→ **What needs to be done**: The answer should hold only the lines from the one containing "Achraf Hakimi nach dem Foul von Luis Díaz" through the one containing "4031 Crown Dr, South Park, PA 15129" in the entries below, copied exactly, without pictures.

[Extracted records]
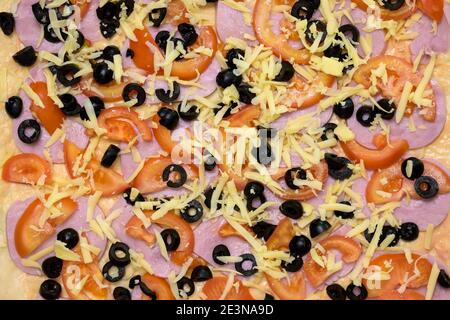 Blick von oben auf hausgemachte Pizza. Hintergrund für das Essen. Stockfoto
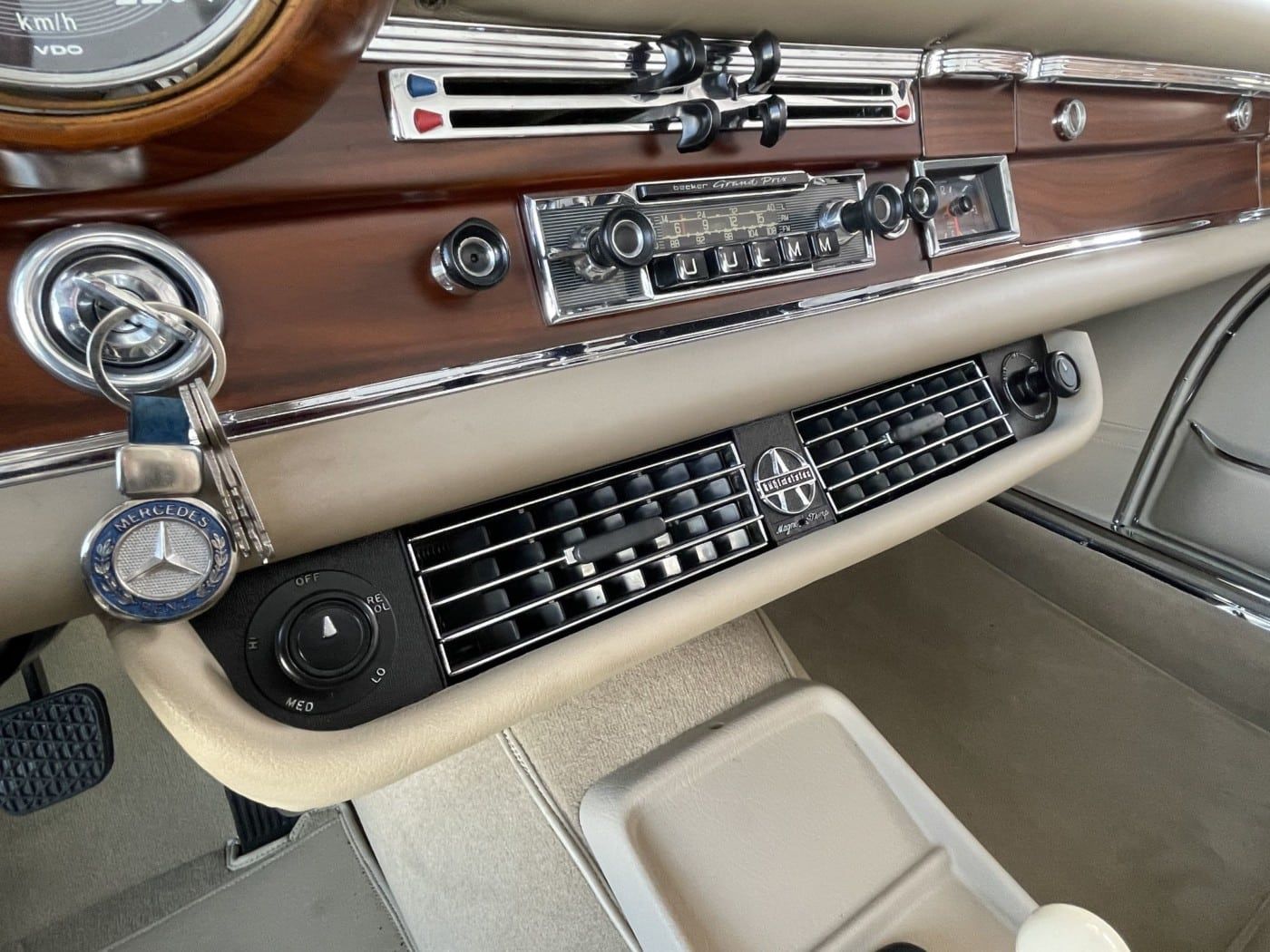 250SE Cabriolet Concours 25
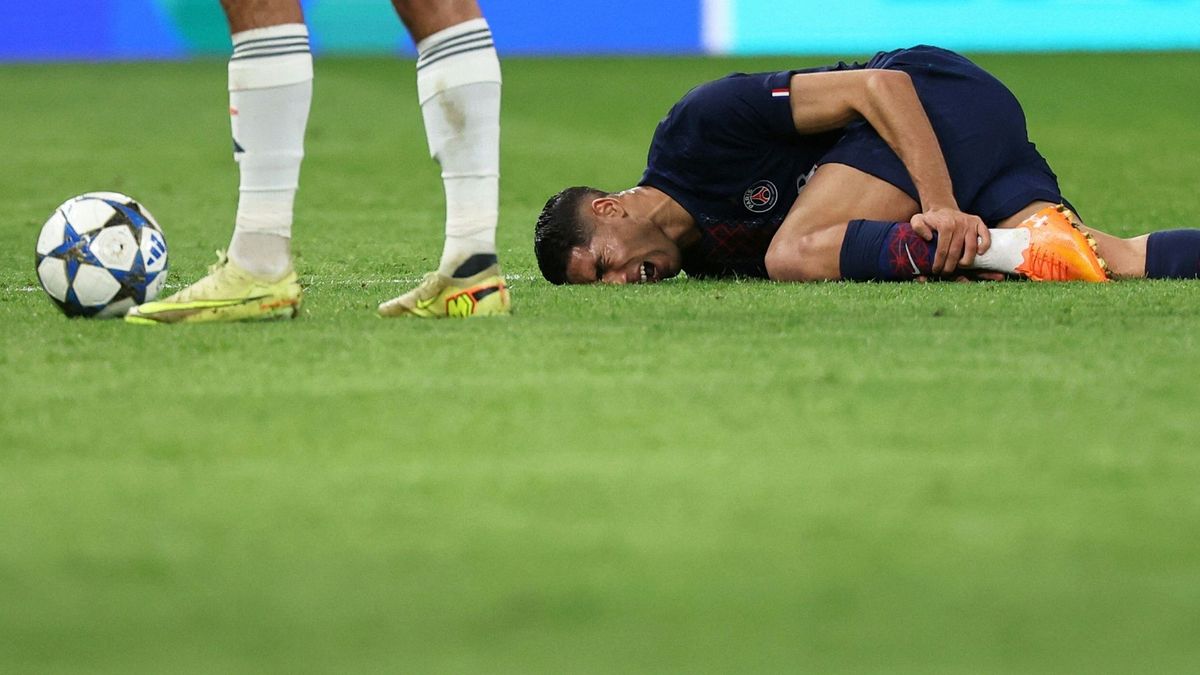 Achraf Hakimi nach dem Foul von Luis Díaz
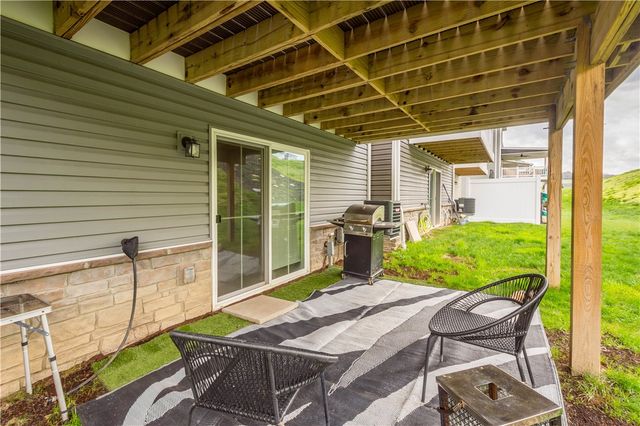 4031 Crown Dr, South Park, PA 15129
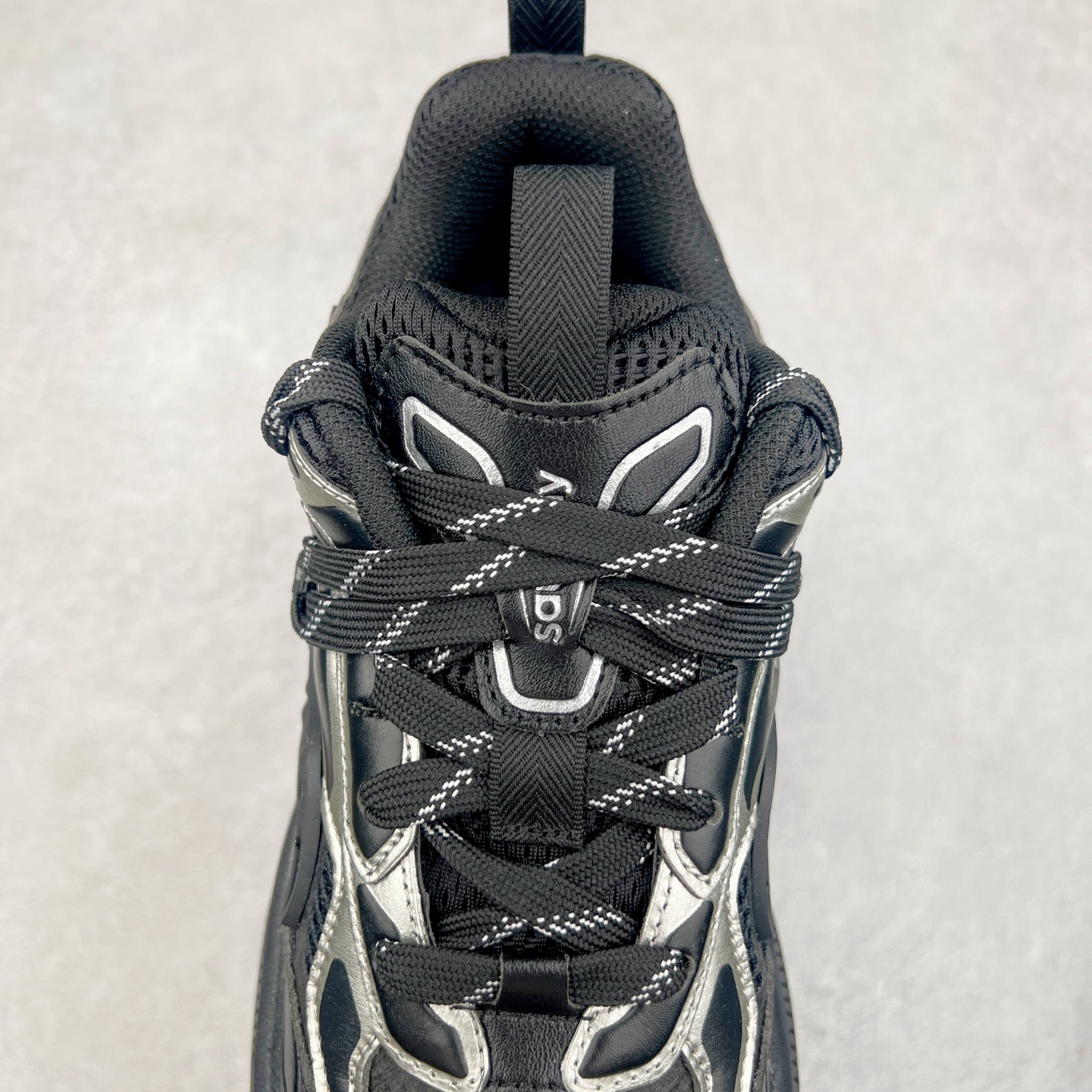 图片[5]-Saucony 2k Cavalry 索康尼骑士2K系列低帮复古老爹风增高休闲运动慢跑鞋 创立至今已经125周年的Saucony一直致力于打造专业性能的跑鞋 让跑者们拥有极致的运动体验 同时大量Saucony Originals的鞋型与外观设计一直被奉为经典 它们身上的复古时尚基因影响了潮流文化的发展 引领着新世代的审美 这一次Saucony Originals带来全新2K CAVALRY「骑士鞋」从经典鞋型中出发 结合当今潮流的设计 演绎不一样的千禧魅力 在本次「House Of Saucony」快闪空间 Saucony重磅发布了全新鞋款：骑士鞋 2K CAVALRY 全新的 2K CAVALRY在Saucony人气常青鞋款Cohesion 2K的基础上重新设计 外形上2K CAVALRY延续了Cohesion 2K的基因 采用了极具辨识度的千禧年风格跑鞋廓形设计 个性且时尚 鞋面加入了大量线条勾勒 与Saucony的经典Logo完美融合 带来了层次感的同时提供了视觉冲击力 同时大底部分采用了更加夸张的厚底设计 增强了鞋子的时尚属性的同时带来了增高效果 全新的 2K CAVALRY采用了低饱和度的颜色设计 以银灰色为主 更加简约百搭 适合不同风格的年轻人 尺码：35.5 36 36.5 37.5 38 38.5 39 40 40.5 41 42 42.5 43 44 44.5 45-选品中心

→ **Task result**:
 Achraf Hakimi nach dem Foul von Luis Díaz
 4031 Crown Dr, South Park, PA 15129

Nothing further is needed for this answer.